Written by Monk Gibbon 1935 Published by Allen Figgis & Co. Ltd, 1970

I loved so many things about this book. First, it smelled like Irish rain. Or so I liked to imagine. I found it in a charity shop in Galway, Ireland in 2017 while on a month long stay with my husband, 18 month old son while pregnant with our daughter. The book opens with a span of scenery into a north western coast line of Irish life in the 1930’s. Then heading into what one man encountered along the way on his journey. How people lived. How and what they hunted, seals. Which broke my heart. But it was a livelihood and out of necessity then. I simply loved getting such a simple but lush, throw back but vivid look at a random slice of real Irish life. And with out extra and added flowery talk of how magical the place is. Because it’s just magical as it really is. No added flowery talk needed.
I really enjoyed using this book as my starting off point for my pile of 20 odd books I’ve had in my home library going on 20 years thinking I could read them all in a year😂 I am the slowest reader that I have ever known. I did not finish out the year reading all 20 though. Not even half.

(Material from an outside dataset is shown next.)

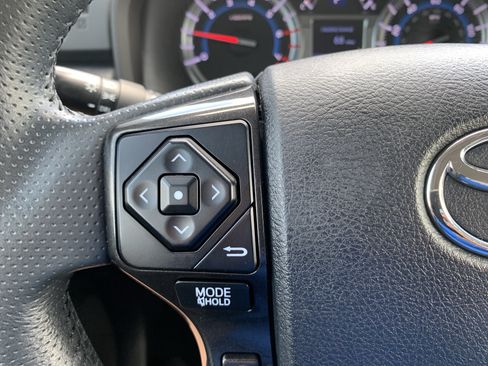 Used 2019 Toyota 4Runner TRD Off-Road Premium AWD/4WD image 19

To end this segment, here is a page capture of one of the more compelling ways the author observes his surrounding of sea life and seal hunting and his thoughts around it. At the time of reading this I was only just realizing I have postpartum still and was at a deep loss of what to do about it. I was stunted all the time from talking to anyone about it. Reading those few sentences kind of pulled me back into an awakening I needed in order to feel something again.